### DATASET CONTENT
-- Opening Marker --

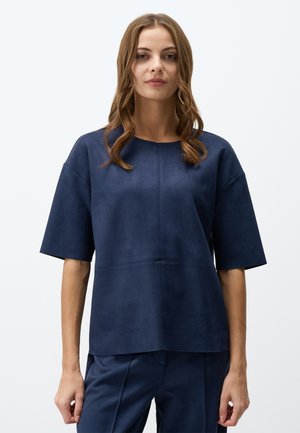 Marineblaues, kurzärmliges Oberteil aus weichem Stoff mit glatter Textur. Verfügt über einen Rundhalsausschnitt und minimale Nahtdetails.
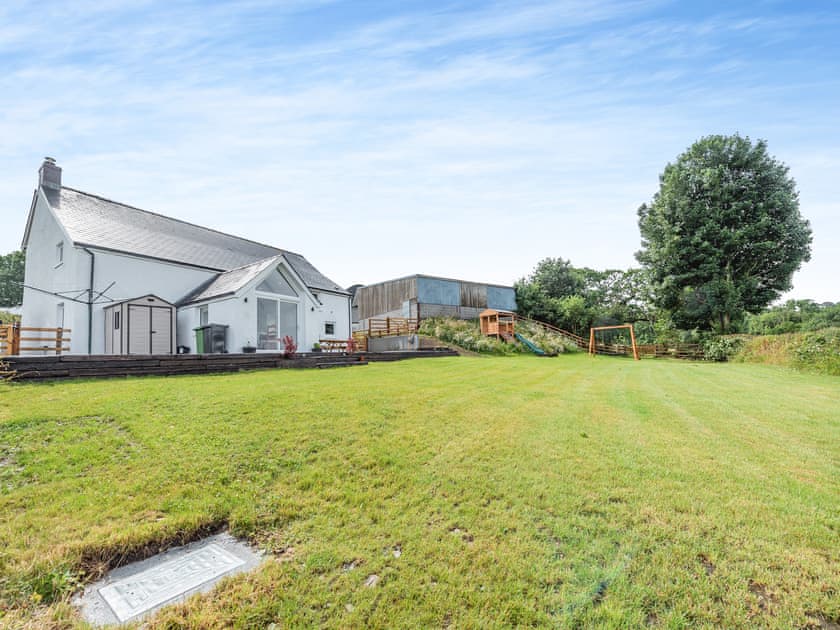 Exterior | Park Clement, Bwlch y Groes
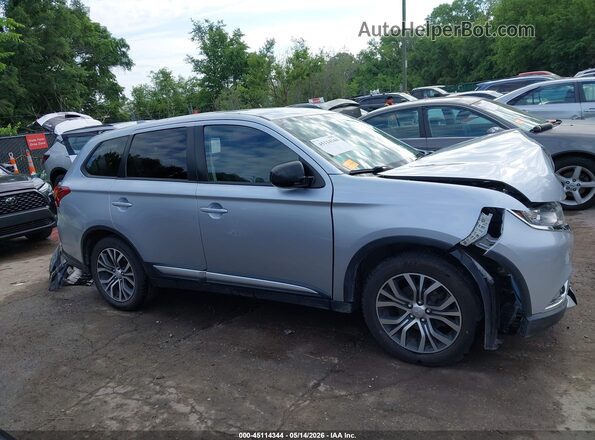 JA4AD2A30HZ070130 2017 MITSUBISHI OUTLANDER Silver უკანა სალონის ხედი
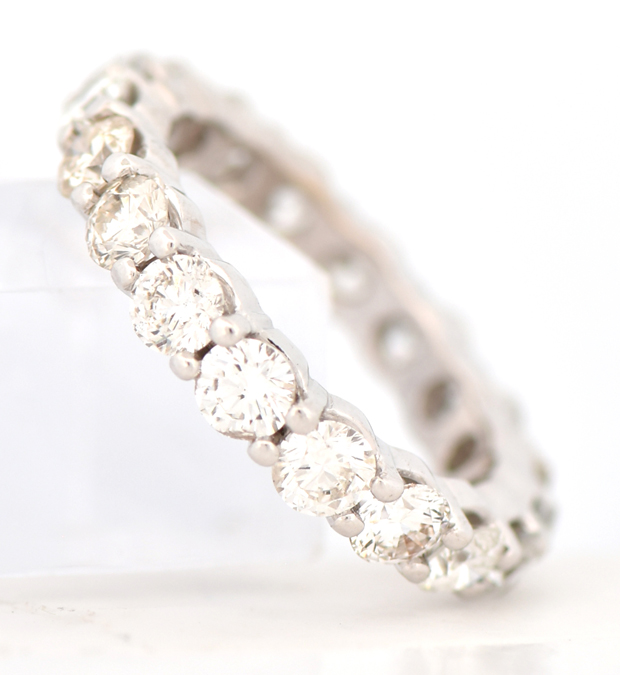 18K White Gold Diamond Eternity Band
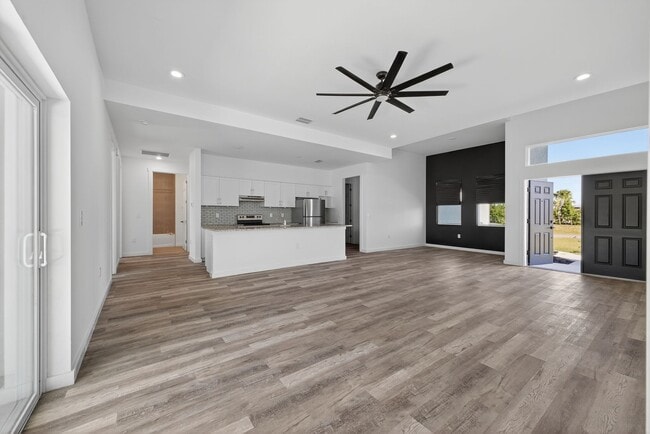 Photo - 236 NW 6th Ave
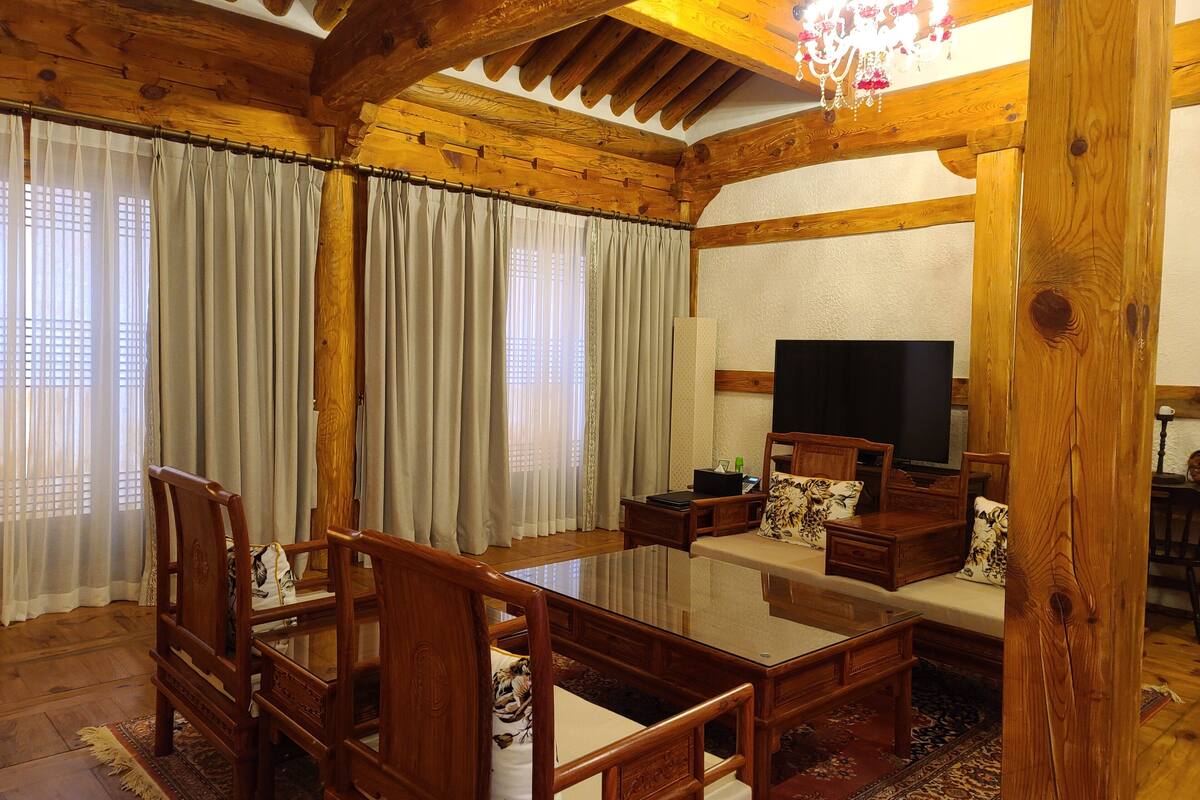 presidential house (ondol: bal wang) | 1 bedroom, blackout curtains, rollaway beds, free wifi
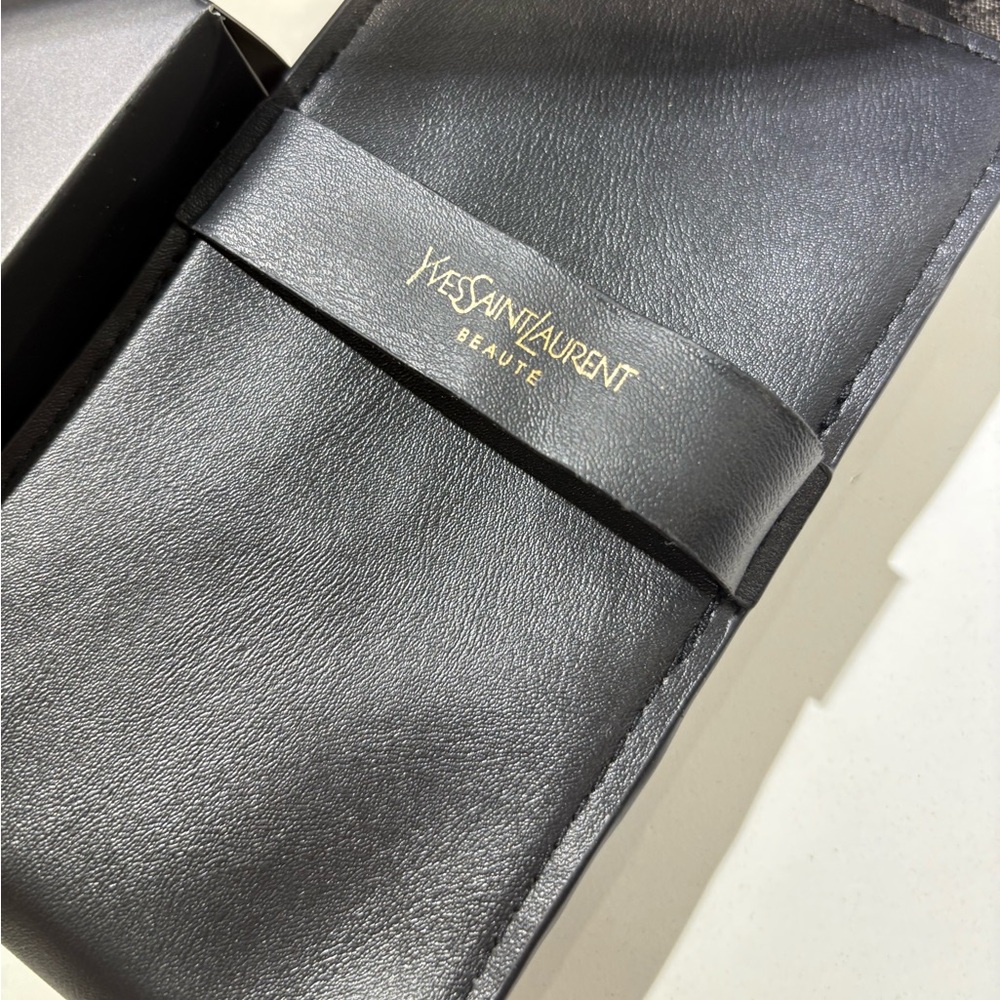 Yves Saint Laurent Black Brush Trio with Case - Picture 9 of 9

-- Closing Marker --

### REQUIREMENT
When you transcribe these entries, keep every word exact and drop the pictures.

### COMPLETED TASK
 Marineblaues, kurzärmliges Oberteil aus weichem Stoff mit glatter Textur. Verfügt über einen Rundhalsausschnitt und minimale Nahtdetails.
 Exterior | Park Clement, Bwlch y Groes
 JA4AD2A30HZ070130 2017 MITSUBISHI OUTLANDER Silver უკანა სალონის ხედი
 18K White Gold Diamond Eternity Band
 Photo - 236 NW 6th Ave
 presidential house (ondol: bal wang) | 1 bedroom, blackout curtains, rollaway beds, free wifi
 Yves Saint Laurent Black Brush Trio with Case - Picture 9 of 9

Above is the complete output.